▶ **Problem**
Transcribe, without any alteration, only the lines that begin at the line containing "Μαύρο σαουέτ γόβα" and run to the last line below.

***

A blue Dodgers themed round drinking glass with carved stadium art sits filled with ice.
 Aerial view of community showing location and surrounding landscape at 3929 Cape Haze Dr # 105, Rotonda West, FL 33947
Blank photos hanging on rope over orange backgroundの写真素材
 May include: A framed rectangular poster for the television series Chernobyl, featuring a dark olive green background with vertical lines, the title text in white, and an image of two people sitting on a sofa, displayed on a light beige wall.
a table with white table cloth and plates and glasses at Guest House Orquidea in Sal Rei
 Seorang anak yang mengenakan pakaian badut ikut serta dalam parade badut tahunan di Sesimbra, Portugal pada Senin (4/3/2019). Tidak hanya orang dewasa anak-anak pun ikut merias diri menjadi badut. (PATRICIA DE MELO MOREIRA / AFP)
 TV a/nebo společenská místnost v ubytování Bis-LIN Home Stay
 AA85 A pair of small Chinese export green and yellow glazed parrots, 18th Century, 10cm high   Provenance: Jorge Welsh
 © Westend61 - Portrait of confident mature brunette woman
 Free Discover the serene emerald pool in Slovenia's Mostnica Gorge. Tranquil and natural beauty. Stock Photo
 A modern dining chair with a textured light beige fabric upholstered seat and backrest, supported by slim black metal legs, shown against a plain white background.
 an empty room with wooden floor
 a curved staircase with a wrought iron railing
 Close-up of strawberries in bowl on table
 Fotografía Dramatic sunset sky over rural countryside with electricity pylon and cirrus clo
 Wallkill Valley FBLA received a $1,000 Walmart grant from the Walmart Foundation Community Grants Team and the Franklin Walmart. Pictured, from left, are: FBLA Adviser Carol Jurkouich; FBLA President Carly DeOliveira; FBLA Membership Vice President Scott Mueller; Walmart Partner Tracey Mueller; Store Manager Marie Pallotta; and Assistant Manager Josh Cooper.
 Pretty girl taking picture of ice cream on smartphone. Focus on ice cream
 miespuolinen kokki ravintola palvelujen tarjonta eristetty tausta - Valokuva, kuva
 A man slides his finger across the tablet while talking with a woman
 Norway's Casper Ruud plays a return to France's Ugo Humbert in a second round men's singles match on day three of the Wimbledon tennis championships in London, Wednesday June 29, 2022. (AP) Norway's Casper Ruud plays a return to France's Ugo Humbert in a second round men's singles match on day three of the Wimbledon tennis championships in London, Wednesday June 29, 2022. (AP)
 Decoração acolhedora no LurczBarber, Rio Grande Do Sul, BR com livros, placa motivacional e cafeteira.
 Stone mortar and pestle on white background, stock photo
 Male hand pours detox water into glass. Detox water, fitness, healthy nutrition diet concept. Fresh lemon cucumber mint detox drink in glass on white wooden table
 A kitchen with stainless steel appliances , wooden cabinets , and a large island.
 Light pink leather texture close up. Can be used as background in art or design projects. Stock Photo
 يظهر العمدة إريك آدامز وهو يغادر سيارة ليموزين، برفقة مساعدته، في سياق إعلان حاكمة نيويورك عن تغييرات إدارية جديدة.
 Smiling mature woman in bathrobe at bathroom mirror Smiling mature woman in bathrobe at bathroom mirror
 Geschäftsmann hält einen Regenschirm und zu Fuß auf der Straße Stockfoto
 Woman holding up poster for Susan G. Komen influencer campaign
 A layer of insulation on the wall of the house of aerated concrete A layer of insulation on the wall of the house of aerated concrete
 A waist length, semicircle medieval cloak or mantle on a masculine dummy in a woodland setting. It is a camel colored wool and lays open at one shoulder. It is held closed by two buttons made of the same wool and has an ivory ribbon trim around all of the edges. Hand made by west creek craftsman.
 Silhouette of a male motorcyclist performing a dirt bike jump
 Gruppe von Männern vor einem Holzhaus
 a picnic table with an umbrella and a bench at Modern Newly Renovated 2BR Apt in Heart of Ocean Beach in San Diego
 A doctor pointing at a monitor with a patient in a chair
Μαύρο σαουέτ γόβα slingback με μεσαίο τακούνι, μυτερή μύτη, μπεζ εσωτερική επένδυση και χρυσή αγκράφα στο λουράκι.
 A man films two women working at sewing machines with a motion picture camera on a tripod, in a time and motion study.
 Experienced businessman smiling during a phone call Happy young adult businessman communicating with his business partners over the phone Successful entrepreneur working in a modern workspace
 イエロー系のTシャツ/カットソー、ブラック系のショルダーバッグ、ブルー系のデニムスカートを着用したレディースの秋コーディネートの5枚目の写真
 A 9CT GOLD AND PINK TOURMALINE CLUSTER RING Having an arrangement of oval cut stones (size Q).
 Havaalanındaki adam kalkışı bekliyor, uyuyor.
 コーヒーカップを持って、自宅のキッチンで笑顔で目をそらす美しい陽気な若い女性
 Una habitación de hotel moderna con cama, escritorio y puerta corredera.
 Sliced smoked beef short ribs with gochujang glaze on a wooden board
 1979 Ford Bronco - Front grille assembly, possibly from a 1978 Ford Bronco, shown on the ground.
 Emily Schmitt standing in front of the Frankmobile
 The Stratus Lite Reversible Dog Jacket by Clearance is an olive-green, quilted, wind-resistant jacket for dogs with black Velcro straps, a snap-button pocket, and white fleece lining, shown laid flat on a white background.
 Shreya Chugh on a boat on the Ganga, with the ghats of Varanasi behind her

***

▶ **Finished exercise**
Μαύρο σαουέτ γόβα slingback με μεσαίο τακούνι, μυτερή μύτη, μπεζ εσωτερική επένδυση και χρυσή αγκράφα στο λουράκι.
 A man films two women working at sewing machines with a motion picture camera on a tripod, in a time and motion study.
 Experienced businessman smiling during a phone call Happy young adult businessman communicating with his business partners over the phone Successful entrepreneur working in a modern workspace
 イエロー系のTシャツ/カットソー、ブラック系のショルダーバッグ、ブルー系のデニムスカートを着用したレディースの秋コーディネートの5枚目の写真
 A 9CT GOLD AND PINK TOURMALINE CLUSTER RING Having an arrangement of oval cut stones (size Q).
 Havaalanındaki adam kalkışı bekliyor, uyuyor.
 コーヒーカップを持って、自宅のキッチンで笑顔で目をそらす美しい陽気な若い女性
 Una habitación de hotel moderna con cama, escritorio y puerta corredera.
 Sliced smoked beef short ribs with gochujang glaze on a wooden board
 1979 Ford Bronco - Front grille assembly, possibly from a 1978 Ford Bronco, shown on the ground.
 Emily Schmitt standing in front of the Frankmobile
 The Stratus Lite Reversible Dog Jacket by Clearance is an olive-green, quilted, wind-resistant jacket for dogs with black Velcro straps, a snap-button pocket, and white fleece lining, shown laid flat on a white background.
 Shreya Chugh on a boat on the Ganga, with the ghats of Varanasi behind her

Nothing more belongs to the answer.